Chu Feng sonrasında arayışına devam etti.

 

Gariptir ki karşısına bunun gibi bir yer daha çıktı. Chu Feng demin gördüğü yerin çok benzerini bulmuştu.

 

Ancak buradaki yapıların tarzı tamamen farklıydı. Chu Feng buradaki binaların farklı insanlar tarafından inşa edildiğini hemen anlamıştı. 

 

Ayrıca bu kadar kısa mesafe içerisinde iki tane böyle yer olması kesinlikle bir tesadüf değildi, özellikle Cennet Yolunun ne kadar büyük olduğunu düşününce.

 

Muhtemelen Cennet Yolunda bunlara benzer başka yerler de vardı. Huangfu Haoyue'nin onunla tanıştığı yer ise muhtemelen bu yerlerden biriydi.

 

"Garip. Neden Cennet Yolunda bu kadar fazla böyle yer var? Yoksa burada gizli bir şey mi var?"

 

Chu Feng'in aklında bir sürü soru belirmişti. Gittikçe Cennet Yolunun hiç de basit olmadığını anlıyordu. Birden onun için Doğu Deniz Bölgesinden Dövüş Sanatı Kutsal Topraklarına giden yoldan daha fazlası olmuştu.

 

Ancak burada ne gizli olursa olsun bu Chu Feng'in ortaya çıkarabileceği bir şey değildi. Şu anda en önemli görevi Huangfu Haoyue'yle karşılaştığı yeri bulmaktı. Yani başka bir deyişle babasının olduğu yeri bulmak.

 

Birkaç gündür Cennet Yolundaydı ama karşısına hiç canavar çıkmamıştı. Canlı hiçbir şey görmemişti. Bu yüzden Chu Feng bir sonuca vardı.

 

Cennet Yolundaki testler muhtemelen mesafeyle alakalıydı. Ortalıkta öyle dolaştığına göre muhtemelen çok az bir ilerleme kat etmişti. Kısa bir süre içerisinde Huangfu Haoyue'nin bahsettiği bu ikinci dalga yaratıklarla karşılaşmayacaktı.

 

Doğduğu yeri bulmak istiyorsa hemen ilerlemesi gerekiyordu. İkinci testten sonra doğduğu yeri bulabilecekti.

 

Bu kararı veren Chu Feng etrafta dolanmayı bıraktı. Tüm gücüyle mesafe kat etmeye koyuldu.

 

Gerçekten de kısa bir süre sonra ileride tehlikeli bir aura hissetti.

 

Chu Feng gümbürtüler duymaya başlamıştı, bu savaş sesleriydi.

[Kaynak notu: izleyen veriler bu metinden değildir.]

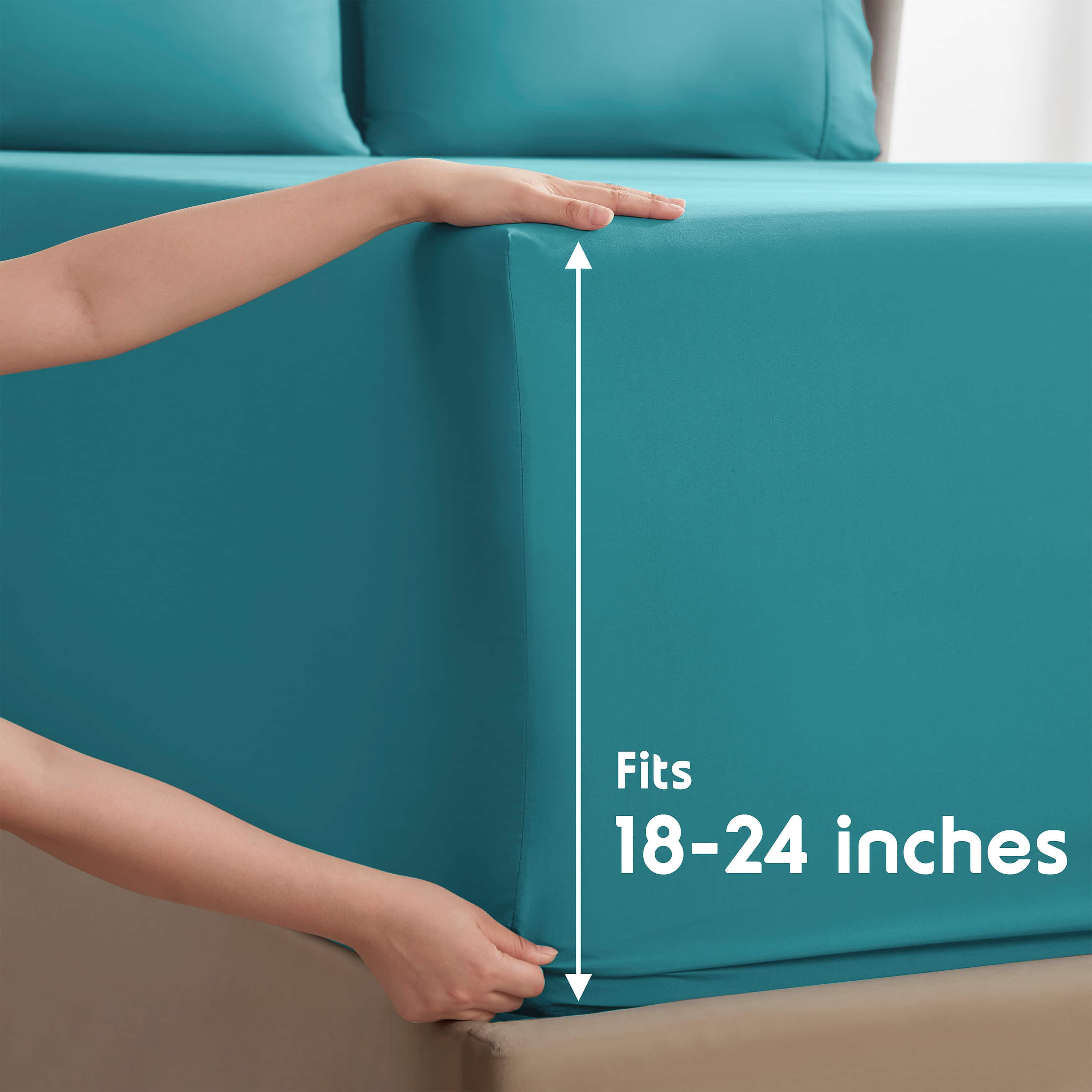 LammaLoe Extra Deep Pocket Split King Sheets set, Fits 18"-24" Mattress, 7 Piece Soft Microfiber Bed Sheet Sets, Teal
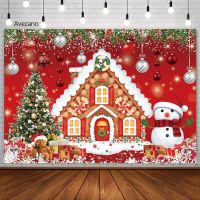 Avezano Christmas Decorations Backdrops Gingerbread House Snowman Winter Party Photo Props Photography Background Photoshoot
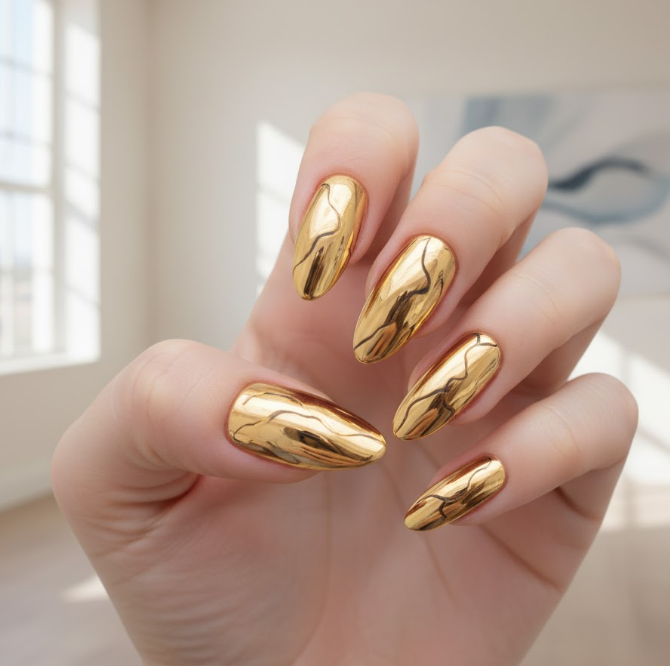 gold chrome nails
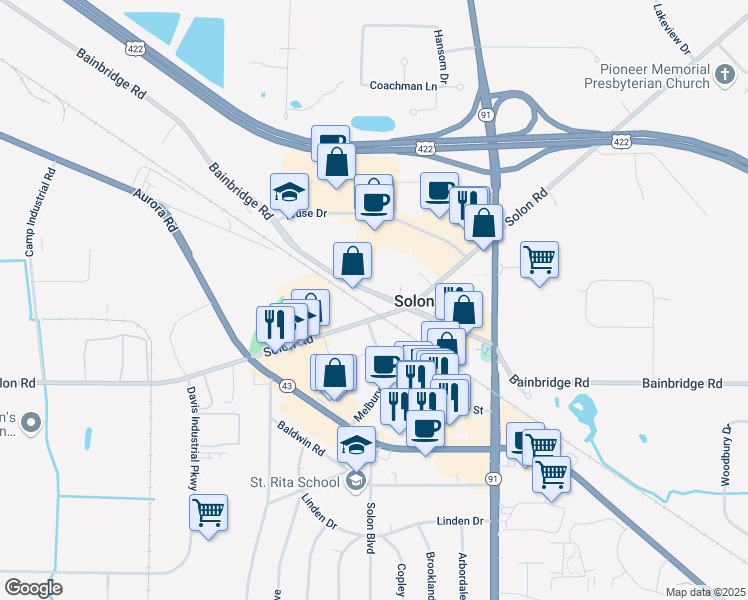 map of restaurants, bars, coffee shops, grocery stores, and more near 33290 Bainbridge Road in Solon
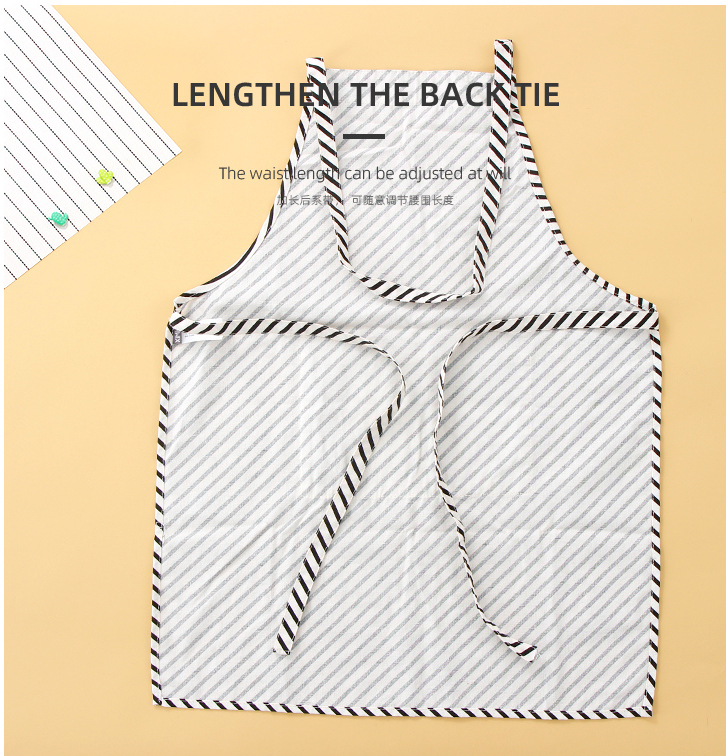 Black and White Stripes Apron(Black and White)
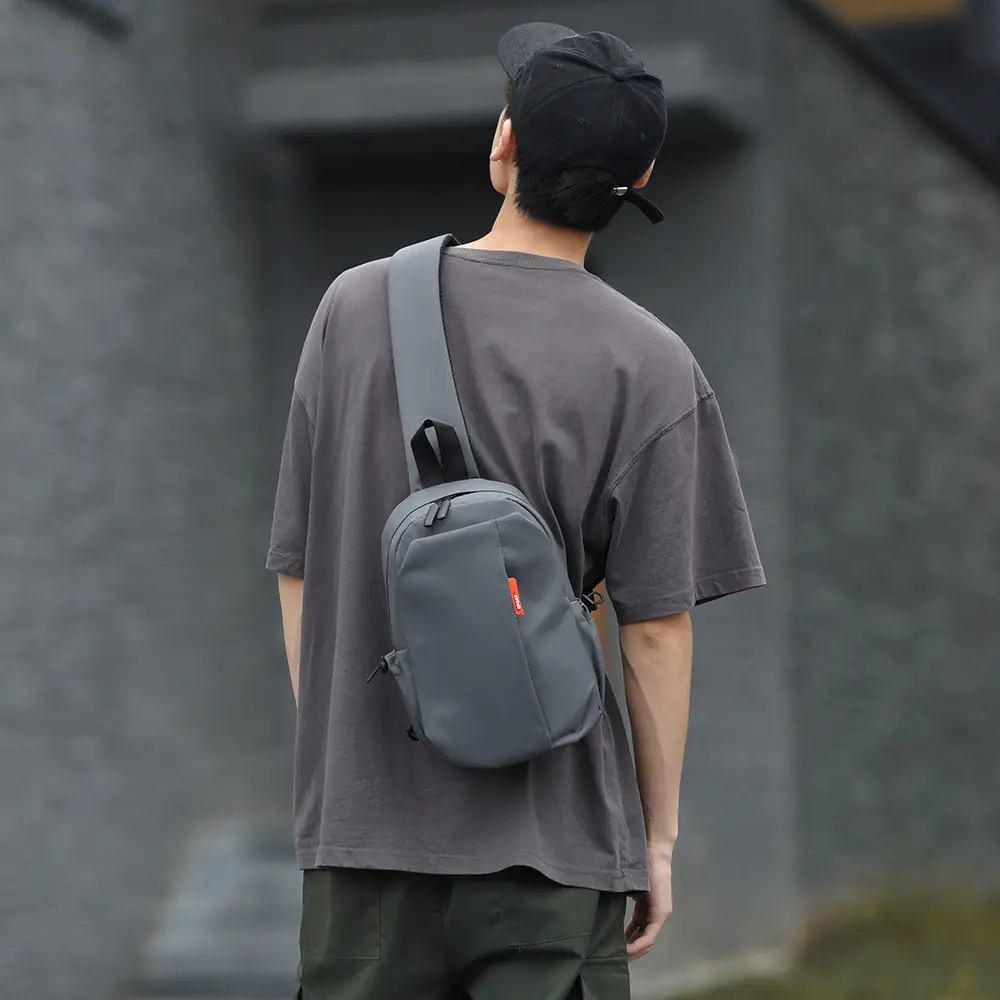 Men's Black Crossbody Bag with Red Zipper & Leather Strap
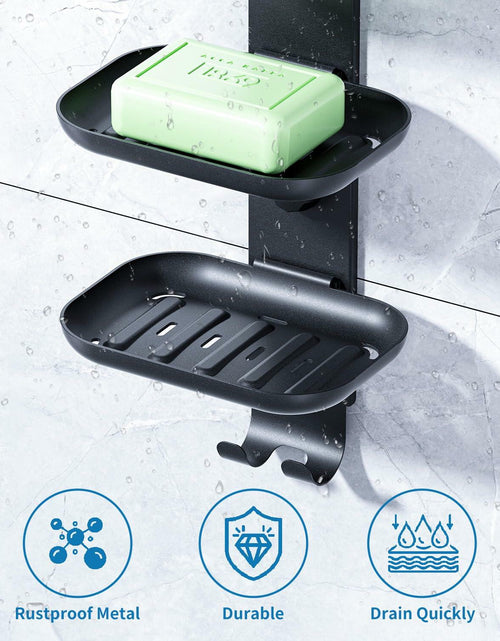 Load image into Gallery viewer, MAYZOLOP Soap Dish Holder Shower Wall Mount with 2 Hooks Bathroom
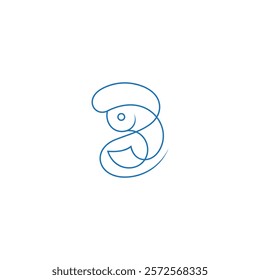 fishing fish logo in linear design style
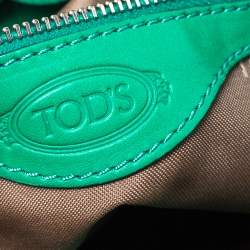 مملوكة مسبقًا Tod's Green Leather Beveled Tote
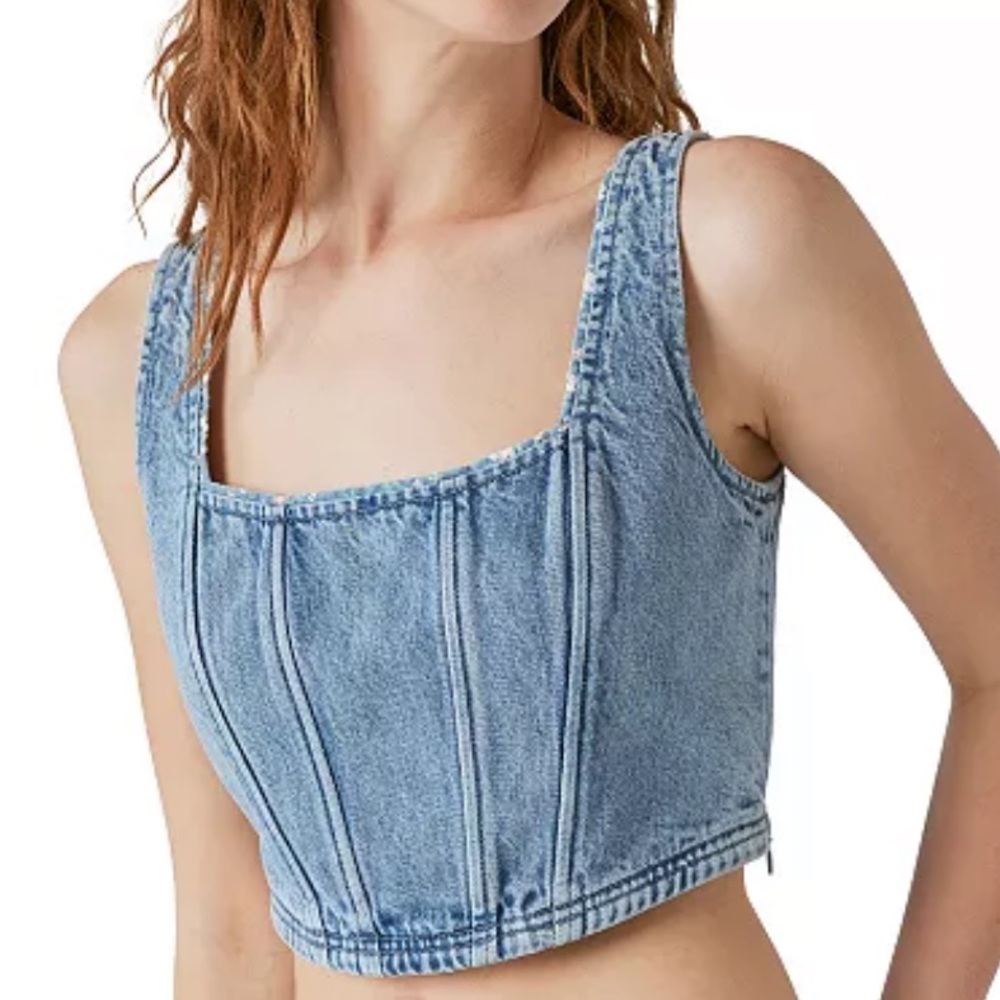 Lucky Brand x Laura Ashley Denim Corset Top NEW, never worn!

Kudretli bir savaştı. Muhtemelen Dövüş Kralları arasında gerçekleşen bir savaştı.

 

"Bu da ne?" Ancak yoluna devam eden Chu Feng şaşırtıcı bir sahneyle karşılaştı. Karşısında bir grup canavar belirmişti.

 

Bunlar devasa canavarlardı, her biri on metre uzunluğundaydı. Çok çirkindi hepsi de. Farklı farklı biçimlerdeydi hepsi ve şeytani bir havaları vardı.

 

Bir bakışta milyonlarca canavar görebiliyordu insan ve hepsi de Dövüş Kralıydı. Aralarında Dövüş Kralı aleminin zirvesinde olanlar da vardı.

 

Milyonlarca Dövüş Kralı canavar. Böylesine bir sahneyi düşününce bile içi titriyordu, bırakın karşı karşıya kalmayı.

 

"Ne oluyor? Yoksa bu Huangfu Efendinin bahsettiği ikinci dalga mı?" Bu canavarları gören Chu Feng yerinde duramıyordu.

 

Bunların illüzyon olmadığını fark etmişti. Bunlar gerçek yaratıklardı, bundan emindi.

 

Ancak en dehşet vericisi, bu yaratıklarla savaşan biri vardı. Bu Tantai Xue'ydi.

 

Düzinelerce canavarla savaşıyordu. Yetiştirme seviyeleri farklı farklıydı; bazıları dördüncü seviye Dövüş Kralıydı bazıları beş. Hepsinin de yetiştirmesi Tantai Xue'ninkinden yüksekti ve hepsi oldukça güçlüydü. Chu Feng yaptıkları saldırılardan ne kadar güçlü olduklarını anlayabiliyordu.

 

Tantai Xue o yaratıklarla savaşmıyordu da sanki canavarlar Tantai Xue'yle oynuyordu.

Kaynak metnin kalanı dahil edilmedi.